Grants and Contributions:

Title:
Robust Cooperative Adaptive Cruise Control of Hybrid Electric Vehicles in Complex Urban Traffic Situations
Agreement Number:
RGPIN
Agreement Value:
$185,000.00
Agreement Date:
May 10, 2017 -
Organization:
Natural Sciences and Engineering Research Council of Canada
Location:
Ontario, CA
Reference Number:
GC-2017-Q1-01608
Agreement Type:
Grant
Report Type:
Grants and Contributions
Additional Information:

Grant or Award spanning more than one fiscal year. (2017-2018 to 2022-2023)

Recipient's Legal Name:
Lashgarian Azad, Nasser (University of Waterloo)
Program:
Discovery Grants Program - Individual
Program Purpose:

Cooperative driving has received a great deal of attention in past years. Recent advances in vehicular communication systems enable the development of more intelligent driving assistance systems for a fleet of connected vehicles. Cooperative Adaptive Cruise Controller (CACC) is a driver assistance system for adjusting inter-vehicle distances through data exchanges between cars provided by wireless vehicle-to-vehicle (V2V) communications. In addition to vehicle safety and driver comfort, CACCs can improve significantly fuel economy by substantially reducing successive stop-and-go driving, especially in urban areas. In a string of vehicles supported by CACCs, the cars can accelerate or brake with less delays to minimize inter-vehicle distances, which leads to optimized traffic efficiency and enhanced road capacity. However, developing reliable CACCs for practical implementations, especially for urban driving, is a challenge. Sudden disturbances arising from a wide range of complex traffic scenarios, such as frequent stop-and-go driving sometimes with harsh decelerations and accelerations due to traffic lights, intersections, and emergency stops, as well as overtaking, lane-changing, cut-in and cut-out maneuvers, along with other sources of uncertainty like V2V communication defects and unexpected behavior of manually driven cars, can deteriorate the string stability of platoon and lead to car accidents.
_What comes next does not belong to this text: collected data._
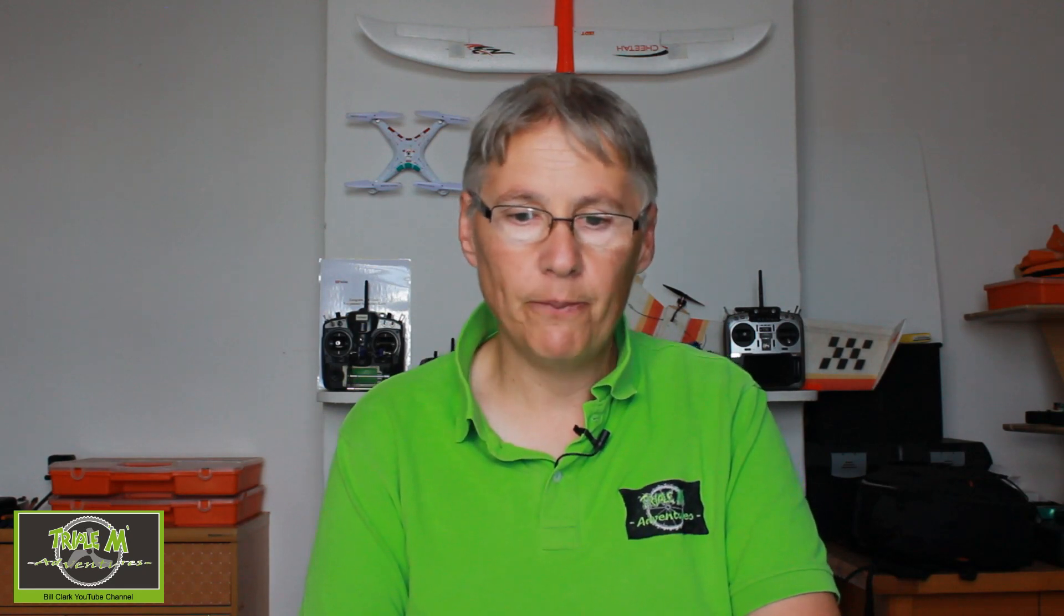I have noticed that when you delete a model from your radio and then you do this synchronization, all your radio numbers will still be in the SD card. So you may have 30 models, but actually on your radio you only have 24. So it keeps those model numbers on the SD card. If you come across a problem when you're doing this, all you need to do, as long as you've got a backup of your radio, is just restore your models again. It's not a big deal to do that.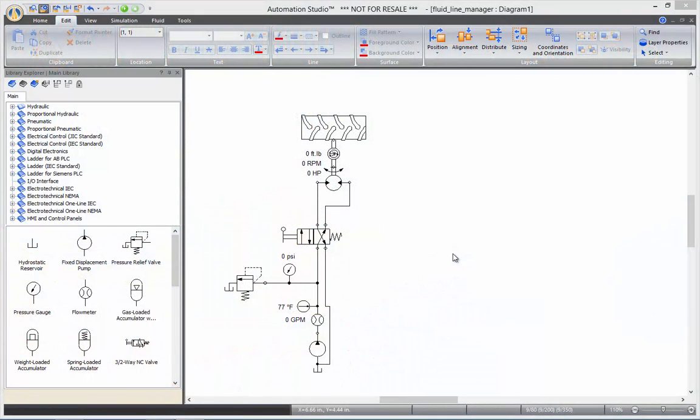Hi and welcome to this online training video for Automation Studio. In this video we'll be looking at the fluid online manager. We'll be using this schematic to compare different settings when we change the parameters in the hydraulic installation.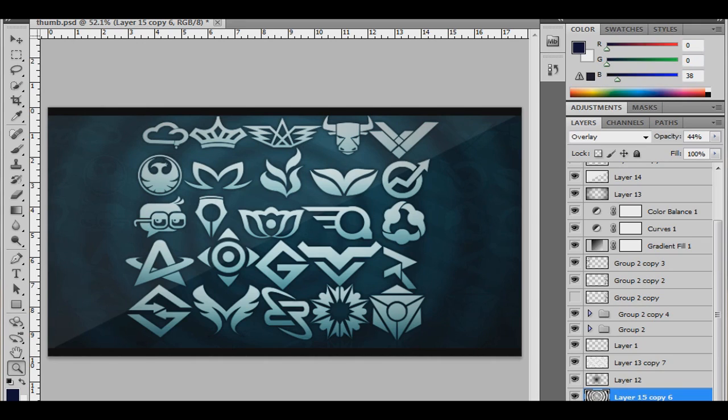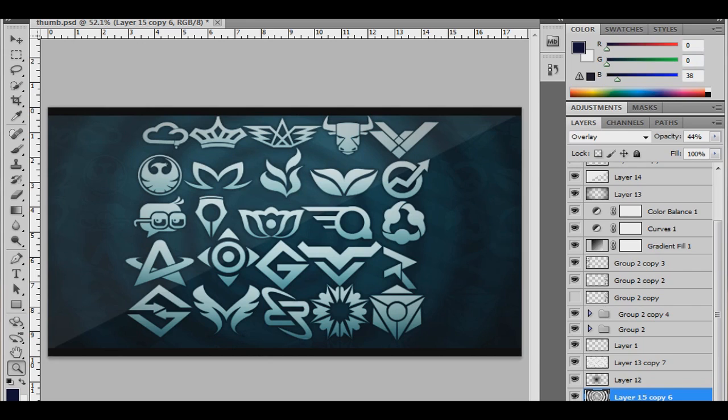You can just go over to my layer styles video giveaway and download those if you don't have any, or just find some online or create your own if you know how and make some pretty remarkable stuff. If you guys would like any tutorials or any more giveaways, just feel free to comment below.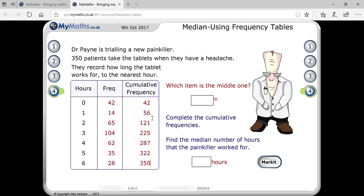The first cumulative frequency is the same as the frequency. For the second one, you add the first and second frequencies to get the second cumulative frequency. For the third, you add the third frequency to that. So 56 plus 65 gives you 121.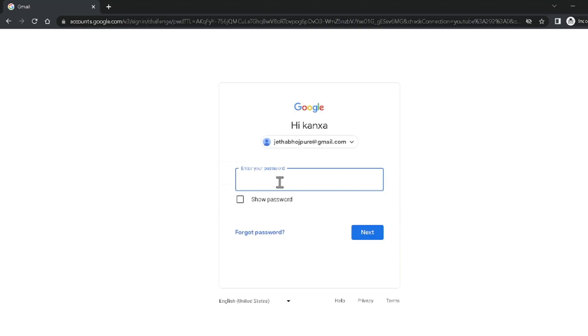You can easily recover your Google account using backup codes. In this video I'm going to teach you how you can create backup codes and how you can implement those backup codes to recover your Google account. It is very easy and simple, so without any delay let's begin.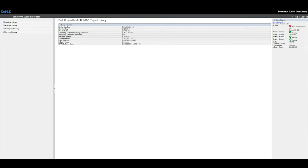The second way to identify a faulty drive is from the web GUI. After logging into the web GUI, you will see the Library and Drive Status window on the right hand side of the screen.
In this research, a novel synthesis framework for robust CACCs with optimal performance will be developed to maintain the string stability in the presence of various unknown disturbances and uncertainties in urban driving. Our plan is to develop and evaluate multiple robust CACCs by doing one of the core steps of our design methodology in several different ways. By the end of this program, we expect to identify an effective development methodology for robust CACCs with the best performance. The proposed CACCs will be designed for urban transport and use a broader range of data about upcoming driving (for instance, traffic lights, intersections, traffic jams, roadwork) obtained from on-board sensors to drive the vehicle safely with less fuel consumptions, while satisfying travel time and comfort criteria. These controllers will be developed for hybrid electric vehicles (HEVs), one of the near-term alternatives for sustainable transportations. HEVs have additional electric propulsion which makes them more complex than internal combustion engine vehicles. Our results will impact the area of cooperative driver assistance systems, and autonomous driving by some degree. The devised controllers will also add critical competitive value to the cars built by Canadian automotive companies and put them at the forefront of collaborative driving systems innovation. These CACCs will improve HEVs safety and fuel economy while enhancing road capacity and traffic efficiency.